Input records>
= = = = =
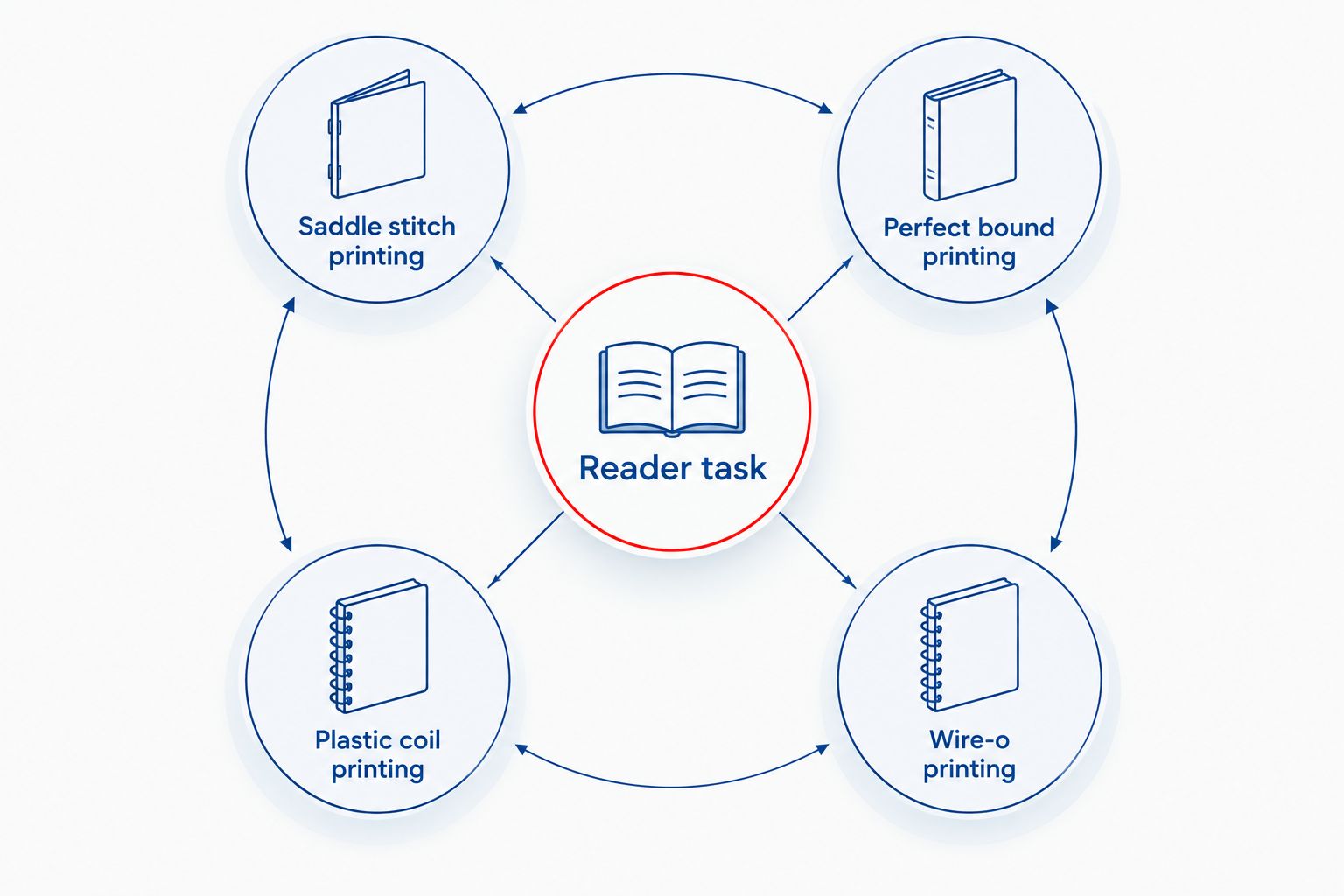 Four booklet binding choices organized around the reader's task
= = = = =
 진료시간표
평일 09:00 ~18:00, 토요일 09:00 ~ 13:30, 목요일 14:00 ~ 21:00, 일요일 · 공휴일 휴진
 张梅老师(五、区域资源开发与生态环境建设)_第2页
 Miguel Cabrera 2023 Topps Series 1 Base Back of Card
= = = = =
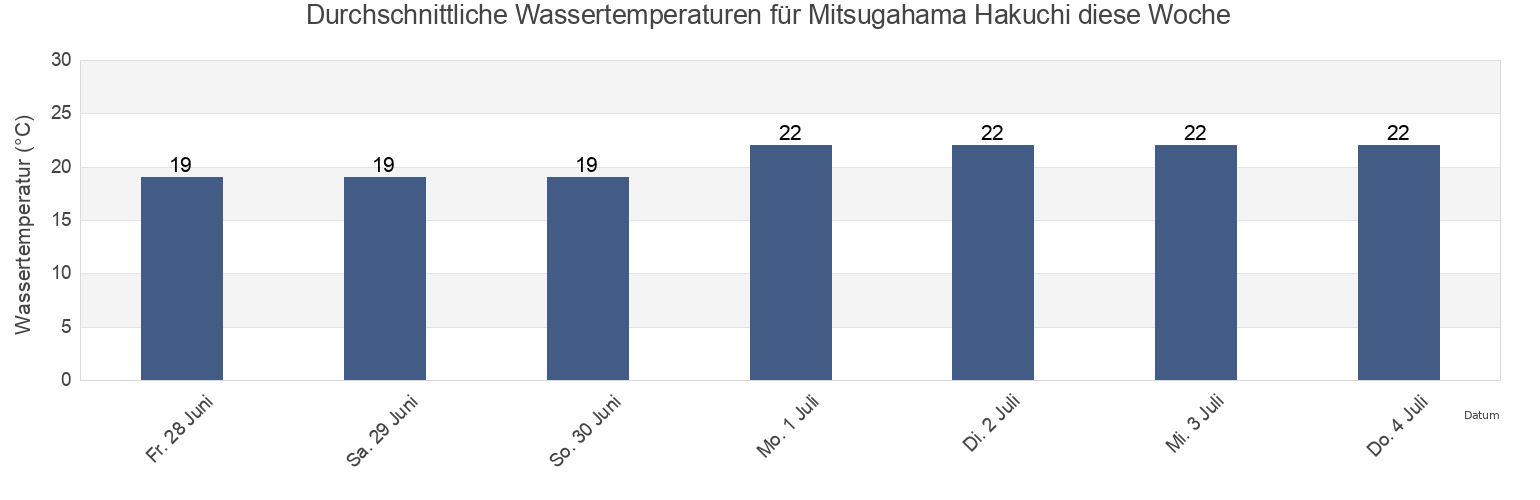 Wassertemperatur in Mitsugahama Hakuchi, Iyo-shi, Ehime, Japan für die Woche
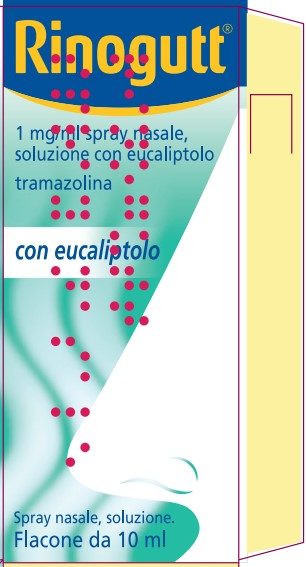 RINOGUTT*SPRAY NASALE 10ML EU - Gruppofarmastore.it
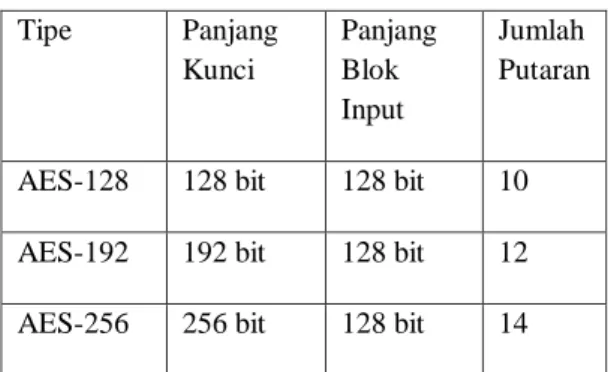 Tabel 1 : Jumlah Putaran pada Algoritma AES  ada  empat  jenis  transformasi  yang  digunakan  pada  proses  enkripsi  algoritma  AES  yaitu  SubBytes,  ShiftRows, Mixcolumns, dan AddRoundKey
= = = = =
Brief> In the entries above, find the line holding "张梅老师(五、区域资源开发与生态环境建设)_第2页" and the line holding "Miguel Cabrera 2023"; print both of them and every line between, exactly, and nothing else.

Solution for this problem>
 张梅老师(五、区域资源开发与生态环境建设)_第2页
 Miguel Cabrera 2023 Topps Series 1 Base Back of Card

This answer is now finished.